### RECORDS PROVIDED

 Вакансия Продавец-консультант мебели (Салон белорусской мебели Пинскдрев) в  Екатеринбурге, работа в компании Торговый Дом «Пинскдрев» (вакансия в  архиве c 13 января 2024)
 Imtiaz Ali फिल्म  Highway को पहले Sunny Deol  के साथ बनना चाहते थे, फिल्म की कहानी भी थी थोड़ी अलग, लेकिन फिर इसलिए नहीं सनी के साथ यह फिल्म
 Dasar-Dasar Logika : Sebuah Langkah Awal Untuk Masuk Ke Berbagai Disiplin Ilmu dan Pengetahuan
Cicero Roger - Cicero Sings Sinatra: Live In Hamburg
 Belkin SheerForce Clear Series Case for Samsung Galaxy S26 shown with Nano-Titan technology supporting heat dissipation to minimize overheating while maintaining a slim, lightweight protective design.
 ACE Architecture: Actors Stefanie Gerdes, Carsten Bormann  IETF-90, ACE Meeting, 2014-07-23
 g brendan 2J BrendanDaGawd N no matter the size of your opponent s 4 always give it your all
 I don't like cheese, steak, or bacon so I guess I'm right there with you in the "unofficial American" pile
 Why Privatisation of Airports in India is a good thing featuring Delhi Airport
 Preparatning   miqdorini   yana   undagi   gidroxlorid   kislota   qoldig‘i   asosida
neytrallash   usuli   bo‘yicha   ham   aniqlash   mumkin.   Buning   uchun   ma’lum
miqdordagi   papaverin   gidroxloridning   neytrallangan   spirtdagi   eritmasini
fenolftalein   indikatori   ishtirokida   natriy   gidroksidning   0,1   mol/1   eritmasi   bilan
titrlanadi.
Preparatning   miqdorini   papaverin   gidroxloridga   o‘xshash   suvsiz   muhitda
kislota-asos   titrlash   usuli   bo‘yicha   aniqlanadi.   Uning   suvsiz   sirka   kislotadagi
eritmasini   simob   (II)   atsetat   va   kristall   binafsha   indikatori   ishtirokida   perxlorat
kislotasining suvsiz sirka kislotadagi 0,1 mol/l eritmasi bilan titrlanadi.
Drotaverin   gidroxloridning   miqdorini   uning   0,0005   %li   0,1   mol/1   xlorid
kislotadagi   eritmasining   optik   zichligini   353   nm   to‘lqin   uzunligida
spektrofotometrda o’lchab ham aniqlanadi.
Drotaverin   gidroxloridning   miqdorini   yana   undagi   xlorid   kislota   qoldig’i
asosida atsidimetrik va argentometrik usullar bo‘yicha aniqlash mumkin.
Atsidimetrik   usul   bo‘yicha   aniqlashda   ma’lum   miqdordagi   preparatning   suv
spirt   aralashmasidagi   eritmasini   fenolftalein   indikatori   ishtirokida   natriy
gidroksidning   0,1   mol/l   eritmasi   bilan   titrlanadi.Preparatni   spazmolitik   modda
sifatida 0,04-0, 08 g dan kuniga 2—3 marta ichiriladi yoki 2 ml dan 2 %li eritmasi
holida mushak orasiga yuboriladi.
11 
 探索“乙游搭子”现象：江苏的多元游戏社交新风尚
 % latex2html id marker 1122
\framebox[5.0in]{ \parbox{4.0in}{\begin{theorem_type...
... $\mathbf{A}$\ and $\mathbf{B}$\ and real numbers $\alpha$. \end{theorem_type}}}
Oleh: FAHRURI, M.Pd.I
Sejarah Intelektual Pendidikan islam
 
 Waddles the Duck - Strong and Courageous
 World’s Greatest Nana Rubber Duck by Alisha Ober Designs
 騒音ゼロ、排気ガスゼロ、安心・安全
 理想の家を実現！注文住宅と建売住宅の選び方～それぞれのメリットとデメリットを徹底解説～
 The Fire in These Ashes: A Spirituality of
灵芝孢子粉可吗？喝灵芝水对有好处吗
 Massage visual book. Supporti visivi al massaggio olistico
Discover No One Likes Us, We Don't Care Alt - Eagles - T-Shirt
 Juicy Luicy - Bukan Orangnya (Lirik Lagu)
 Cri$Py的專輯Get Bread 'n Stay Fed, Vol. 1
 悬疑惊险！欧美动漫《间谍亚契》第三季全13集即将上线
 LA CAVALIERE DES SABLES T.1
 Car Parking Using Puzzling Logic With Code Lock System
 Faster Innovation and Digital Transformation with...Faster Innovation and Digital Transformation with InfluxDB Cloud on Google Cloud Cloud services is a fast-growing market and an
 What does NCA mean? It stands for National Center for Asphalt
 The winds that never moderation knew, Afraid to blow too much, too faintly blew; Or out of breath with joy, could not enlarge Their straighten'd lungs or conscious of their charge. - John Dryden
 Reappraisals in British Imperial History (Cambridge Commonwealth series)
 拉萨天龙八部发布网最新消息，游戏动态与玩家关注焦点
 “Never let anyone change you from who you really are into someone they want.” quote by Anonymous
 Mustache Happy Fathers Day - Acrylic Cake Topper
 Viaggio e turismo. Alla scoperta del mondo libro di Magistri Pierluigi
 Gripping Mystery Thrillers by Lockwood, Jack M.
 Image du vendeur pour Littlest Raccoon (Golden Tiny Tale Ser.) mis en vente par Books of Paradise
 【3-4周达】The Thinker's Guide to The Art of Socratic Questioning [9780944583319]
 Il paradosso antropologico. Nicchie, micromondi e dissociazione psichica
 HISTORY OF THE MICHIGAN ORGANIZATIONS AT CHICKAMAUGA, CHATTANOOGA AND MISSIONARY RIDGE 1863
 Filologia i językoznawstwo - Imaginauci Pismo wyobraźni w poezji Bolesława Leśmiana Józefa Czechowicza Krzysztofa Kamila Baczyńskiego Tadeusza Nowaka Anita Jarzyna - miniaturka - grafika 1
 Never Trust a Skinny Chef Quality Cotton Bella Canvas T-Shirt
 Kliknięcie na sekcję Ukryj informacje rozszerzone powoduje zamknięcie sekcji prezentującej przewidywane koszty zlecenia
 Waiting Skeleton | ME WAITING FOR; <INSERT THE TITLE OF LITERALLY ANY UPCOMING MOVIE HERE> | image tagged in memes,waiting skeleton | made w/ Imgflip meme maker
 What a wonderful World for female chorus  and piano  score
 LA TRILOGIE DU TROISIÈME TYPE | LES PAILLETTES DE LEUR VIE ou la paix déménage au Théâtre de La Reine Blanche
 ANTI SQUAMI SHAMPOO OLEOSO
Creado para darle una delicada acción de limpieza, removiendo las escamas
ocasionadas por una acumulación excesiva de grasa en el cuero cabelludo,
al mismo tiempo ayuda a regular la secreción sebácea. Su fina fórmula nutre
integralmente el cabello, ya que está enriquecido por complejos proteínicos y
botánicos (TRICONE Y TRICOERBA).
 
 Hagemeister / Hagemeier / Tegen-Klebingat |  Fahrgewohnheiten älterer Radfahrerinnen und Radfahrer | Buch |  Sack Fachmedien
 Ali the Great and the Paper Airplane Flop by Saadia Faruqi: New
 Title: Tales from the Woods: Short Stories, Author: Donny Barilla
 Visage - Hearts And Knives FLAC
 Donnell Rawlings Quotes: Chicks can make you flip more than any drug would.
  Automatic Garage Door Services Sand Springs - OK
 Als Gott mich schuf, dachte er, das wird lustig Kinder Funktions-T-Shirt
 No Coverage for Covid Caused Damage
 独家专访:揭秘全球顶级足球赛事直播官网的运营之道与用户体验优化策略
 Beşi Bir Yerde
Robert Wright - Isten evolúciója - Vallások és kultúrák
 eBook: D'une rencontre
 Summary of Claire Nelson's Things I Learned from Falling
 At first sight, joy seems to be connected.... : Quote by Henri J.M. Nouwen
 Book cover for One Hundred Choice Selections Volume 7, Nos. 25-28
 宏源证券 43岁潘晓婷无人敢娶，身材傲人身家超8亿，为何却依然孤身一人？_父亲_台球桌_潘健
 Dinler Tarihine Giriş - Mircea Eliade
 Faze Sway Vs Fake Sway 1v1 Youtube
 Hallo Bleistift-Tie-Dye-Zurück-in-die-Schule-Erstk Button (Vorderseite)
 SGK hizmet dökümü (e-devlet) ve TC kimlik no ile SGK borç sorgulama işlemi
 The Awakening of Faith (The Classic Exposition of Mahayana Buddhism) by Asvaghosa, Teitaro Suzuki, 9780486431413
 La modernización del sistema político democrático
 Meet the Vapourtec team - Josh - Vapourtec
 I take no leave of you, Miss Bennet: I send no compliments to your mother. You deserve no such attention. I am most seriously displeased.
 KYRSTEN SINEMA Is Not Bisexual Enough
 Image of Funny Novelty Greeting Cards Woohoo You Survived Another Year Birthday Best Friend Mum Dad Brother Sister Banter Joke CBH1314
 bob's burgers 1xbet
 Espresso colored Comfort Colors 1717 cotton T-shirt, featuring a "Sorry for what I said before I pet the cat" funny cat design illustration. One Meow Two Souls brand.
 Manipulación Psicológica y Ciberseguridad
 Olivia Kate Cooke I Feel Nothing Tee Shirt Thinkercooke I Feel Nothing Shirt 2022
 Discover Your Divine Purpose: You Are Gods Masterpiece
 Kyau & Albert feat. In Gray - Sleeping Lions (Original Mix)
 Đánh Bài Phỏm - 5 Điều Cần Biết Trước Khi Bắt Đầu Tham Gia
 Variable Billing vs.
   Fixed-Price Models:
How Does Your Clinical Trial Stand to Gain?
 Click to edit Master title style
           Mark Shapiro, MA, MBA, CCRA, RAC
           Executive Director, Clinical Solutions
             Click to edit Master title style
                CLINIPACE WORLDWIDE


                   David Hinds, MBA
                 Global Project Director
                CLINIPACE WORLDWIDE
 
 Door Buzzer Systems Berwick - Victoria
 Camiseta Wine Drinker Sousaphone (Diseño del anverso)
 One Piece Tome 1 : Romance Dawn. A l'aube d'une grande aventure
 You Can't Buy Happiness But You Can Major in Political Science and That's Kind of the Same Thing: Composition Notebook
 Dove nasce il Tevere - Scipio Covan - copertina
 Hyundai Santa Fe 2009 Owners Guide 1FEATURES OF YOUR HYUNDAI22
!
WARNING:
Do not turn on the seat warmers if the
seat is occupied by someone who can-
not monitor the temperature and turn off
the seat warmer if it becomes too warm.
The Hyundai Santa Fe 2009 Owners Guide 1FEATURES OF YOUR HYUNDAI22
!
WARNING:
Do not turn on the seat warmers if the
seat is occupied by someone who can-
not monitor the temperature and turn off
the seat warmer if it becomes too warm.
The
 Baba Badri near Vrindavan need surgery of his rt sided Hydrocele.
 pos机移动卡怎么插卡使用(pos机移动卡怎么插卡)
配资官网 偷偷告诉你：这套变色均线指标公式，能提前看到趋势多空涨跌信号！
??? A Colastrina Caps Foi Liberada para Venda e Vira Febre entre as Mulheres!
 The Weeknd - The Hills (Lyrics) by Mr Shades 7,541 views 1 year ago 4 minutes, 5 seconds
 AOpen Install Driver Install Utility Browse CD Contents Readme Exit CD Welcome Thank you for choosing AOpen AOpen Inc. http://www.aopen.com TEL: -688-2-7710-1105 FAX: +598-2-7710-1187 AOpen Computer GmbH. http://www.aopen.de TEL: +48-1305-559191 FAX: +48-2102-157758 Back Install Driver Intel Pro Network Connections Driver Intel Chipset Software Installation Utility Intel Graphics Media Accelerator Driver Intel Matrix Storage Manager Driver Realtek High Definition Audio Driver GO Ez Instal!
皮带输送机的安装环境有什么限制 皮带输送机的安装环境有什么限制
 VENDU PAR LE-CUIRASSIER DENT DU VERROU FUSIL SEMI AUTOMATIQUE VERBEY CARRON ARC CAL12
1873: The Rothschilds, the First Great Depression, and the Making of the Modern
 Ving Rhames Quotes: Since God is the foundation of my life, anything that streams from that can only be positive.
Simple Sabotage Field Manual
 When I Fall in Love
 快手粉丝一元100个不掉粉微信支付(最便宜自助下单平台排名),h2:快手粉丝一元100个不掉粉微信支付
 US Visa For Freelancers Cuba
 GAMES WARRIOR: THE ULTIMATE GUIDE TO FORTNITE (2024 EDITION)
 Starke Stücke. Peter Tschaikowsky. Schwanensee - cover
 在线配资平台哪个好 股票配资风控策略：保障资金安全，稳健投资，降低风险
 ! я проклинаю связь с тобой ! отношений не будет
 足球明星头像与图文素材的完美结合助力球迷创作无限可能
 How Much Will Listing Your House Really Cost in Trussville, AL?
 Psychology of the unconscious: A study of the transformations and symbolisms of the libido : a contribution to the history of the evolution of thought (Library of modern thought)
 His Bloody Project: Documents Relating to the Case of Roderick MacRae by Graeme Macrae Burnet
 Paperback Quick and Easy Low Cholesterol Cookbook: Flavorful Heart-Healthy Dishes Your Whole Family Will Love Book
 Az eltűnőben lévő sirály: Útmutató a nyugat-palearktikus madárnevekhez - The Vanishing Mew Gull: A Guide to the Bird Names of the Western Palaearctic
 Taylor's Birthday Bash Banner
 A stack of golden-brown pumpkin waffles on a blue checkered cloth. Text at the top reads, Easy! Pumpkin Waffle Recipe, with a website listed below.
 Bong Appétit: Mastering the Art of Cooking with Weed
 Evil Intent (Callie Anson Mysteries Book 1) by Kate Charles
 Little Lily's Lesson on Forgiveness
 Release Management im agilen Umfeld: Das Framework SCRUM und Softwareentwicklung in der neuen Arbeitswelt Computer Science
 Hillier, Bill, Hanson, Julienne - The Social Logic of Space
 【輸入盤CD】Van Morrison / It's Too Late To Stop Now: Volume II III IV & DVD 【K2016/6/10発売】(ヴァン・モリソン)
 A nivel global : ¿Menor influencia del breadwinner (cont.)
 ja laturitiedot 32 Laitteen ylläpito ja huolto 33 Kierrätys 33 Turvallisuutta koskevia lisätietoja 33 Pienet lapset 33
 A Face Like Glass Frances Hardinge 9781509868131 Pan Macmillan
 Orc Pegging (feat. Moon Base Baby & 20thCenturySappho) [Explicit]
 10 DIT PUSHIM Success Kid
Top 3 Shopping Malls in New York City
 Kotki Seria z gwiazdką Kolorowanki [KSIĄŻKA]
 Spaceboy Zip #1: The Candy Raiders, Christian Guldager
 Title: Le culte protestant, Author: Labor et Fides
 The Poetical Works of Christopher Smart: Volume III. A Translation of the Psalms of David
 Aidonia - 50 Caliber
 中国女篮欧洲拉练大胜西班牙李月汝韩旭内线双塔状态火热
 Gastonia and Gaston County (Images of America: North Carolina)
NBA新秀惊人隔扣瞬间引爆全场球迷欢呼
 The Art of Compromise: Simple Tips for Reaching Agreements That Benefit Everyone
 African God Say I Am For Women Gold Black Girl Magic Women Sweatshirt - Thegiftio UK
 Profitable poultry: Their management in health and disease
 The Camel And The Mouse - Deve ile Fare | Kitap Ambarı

### INSTRUCTIONS FOR THE TASK
The stretch of entries above that starts with the line containing "1873: The Rothschilds, the" and goes on through the line containing "Hillier, Bill, Hanson, Julienne" is to be transcribed exactly, and no other line is to be transcribed.

### YOUR SOLUTION
1873: The Rothschilds, the First Great Depression, and the Making of the Modern
 Ving Rhames Quotes: Since God is the foundation of my life, anything that streams from that can only be positive.
Simple Sabotage Field Manual
 When I Fall in Love
 快手粉丝一元100个不掉粉微信支付(最便宜自助下单平台排名),h2:快手粉丝一元100个不掉粉微信支付
 US Visa For Freelancers Cuba
 GAMES WARRIOR: THE ULTIMATE GUIDE TO FORTNITE (2024 EDITION)
 Starke Stücke. Peter Tschaikowsky. Schwanensee - cover
 在线配资平台哪个好 股票配资风控策略：保障资金安全，稳健投资，降低风险
 ! я проклинаю связь с тобой ! отношений не будет
 足球明星头像与图文素材的完美结合助力球迷创作无限可能
 How Much Will Listing Your House Really Cost in Trussville, AL?
 Psychology of the unconscious: A study of the transformations and symbolisms of the libido : a contribution to the history of the evolution of thought (Library of modern thought)
 His Bloody Project: Documents Relating to the Case of Roderick MacRae by Graeme Macrae Burnet
 Paperback Quick and Easy Low Cholesterol Cookbook: Flavorful Heart-Healthy Dishes Your Whole Family Will Love Book
 Az eltűnőben lévő sirály: Útmutató a nyugat-palearktikus madárnevekhez - The Vanishing Mew Gull: A Guide to the Bird Names of the Western Palaearctic
 Taylor's Birthday Bash Banner
 A stack of golden-brown pumpkin waffles on a blue checkered cloth. Text at the top reads, Easy! Pumpkin Waffle Recipe, with a website listed below.
 Bong Appétit: Mastering the Art of Cooking with Weed
 Evil Intent (Callie Anson Mysteries Book 1) by Kate Charles
 Little Lily's Lesson on Forgiveness
 Release Management im agilen Umfeld: Das Framework SCRUM und Softwareentwicklung in der neuen Arbeitswelt Computer Science
 Hillier, Bill, Hanson, Julienne - The Social Logic of Space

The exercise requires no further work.